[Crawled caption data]
· · · ·

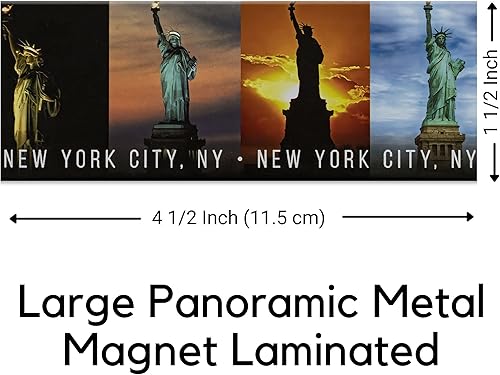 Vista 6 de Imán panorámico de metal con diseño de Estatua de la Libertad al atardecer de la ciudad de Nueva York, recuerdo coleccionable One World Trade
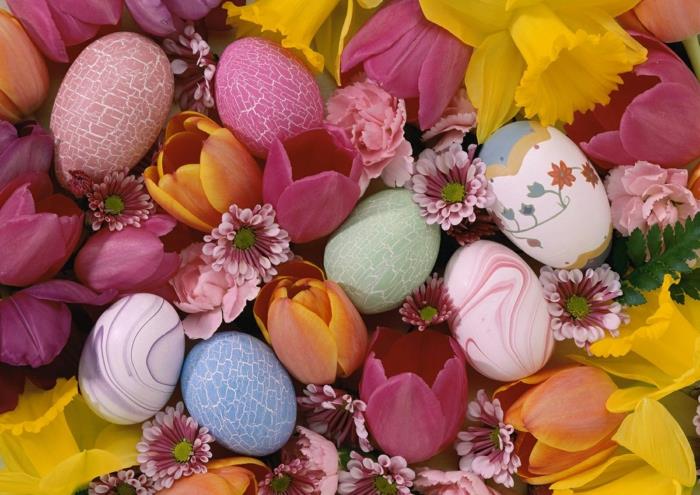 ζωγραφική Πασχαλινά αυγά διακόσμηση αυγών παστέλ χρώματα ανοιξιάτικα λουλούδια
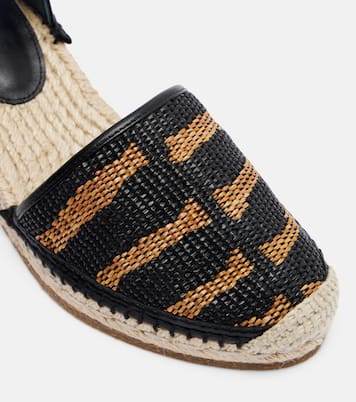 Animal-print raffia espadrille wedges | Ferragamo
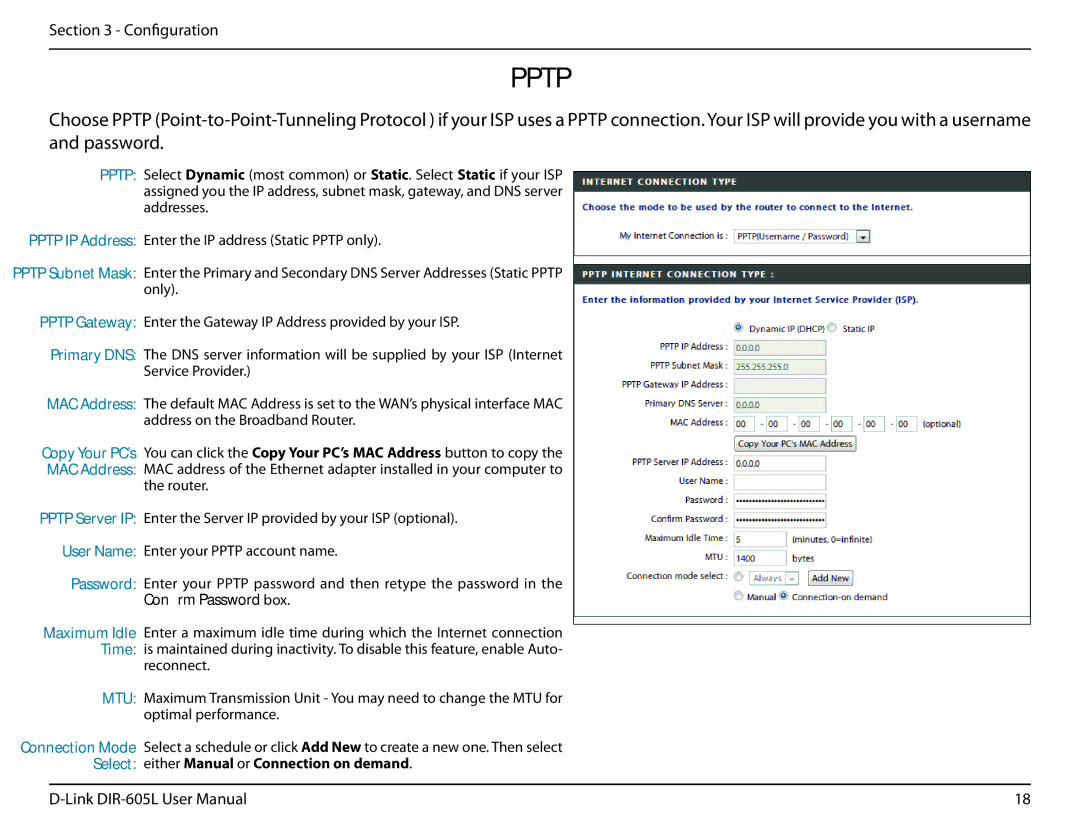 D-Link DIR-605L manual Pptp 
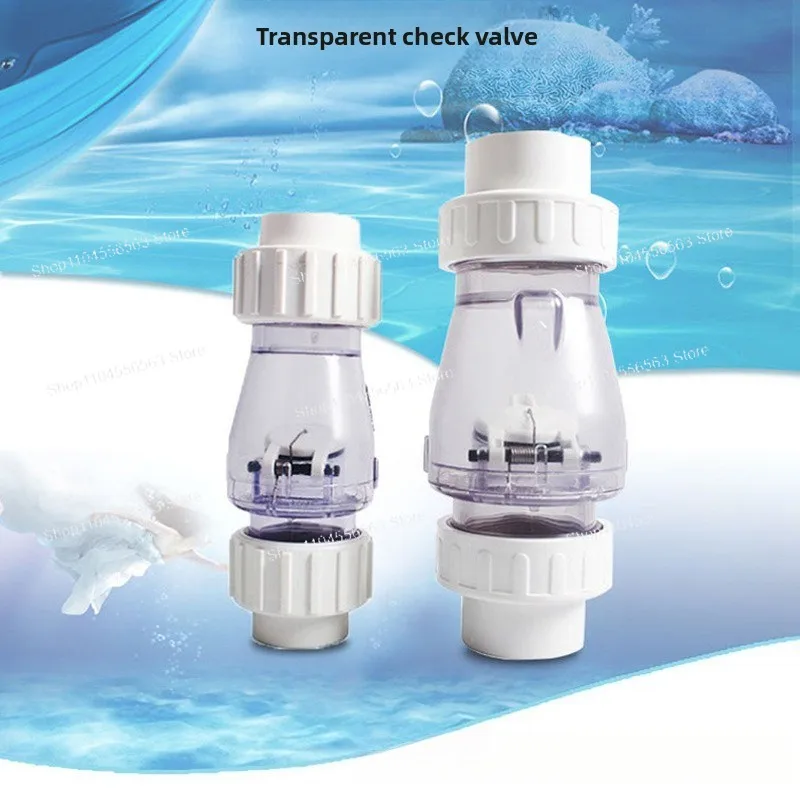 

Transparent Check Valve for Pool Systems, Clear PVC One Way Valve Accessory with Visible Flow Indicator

· · · ·

_ASSIGNMENT_
Pictures aside, give the data again exactly as it appears.

_EXERCISE ANSWER_
 Vista 6 de Imán panorámico de metal con diseño de Estatua de la Libertad al atardecer de la ciudad de Nueva York, recuerdo coleccionable One World Trade
 ζωγραφική Πασχαλινά αυγά διακόσμηση αυγών παστέλ χρώματα ανοιξιάτικα λουλούδια
 Animal-print raffia espadrille wedges | Ferragamo
 D-Link DIR-605L manual Pptp 

Transparent Check Valve for Pool Systems, Clear PVC One Way Valve Accessory with Visible Flow Indicator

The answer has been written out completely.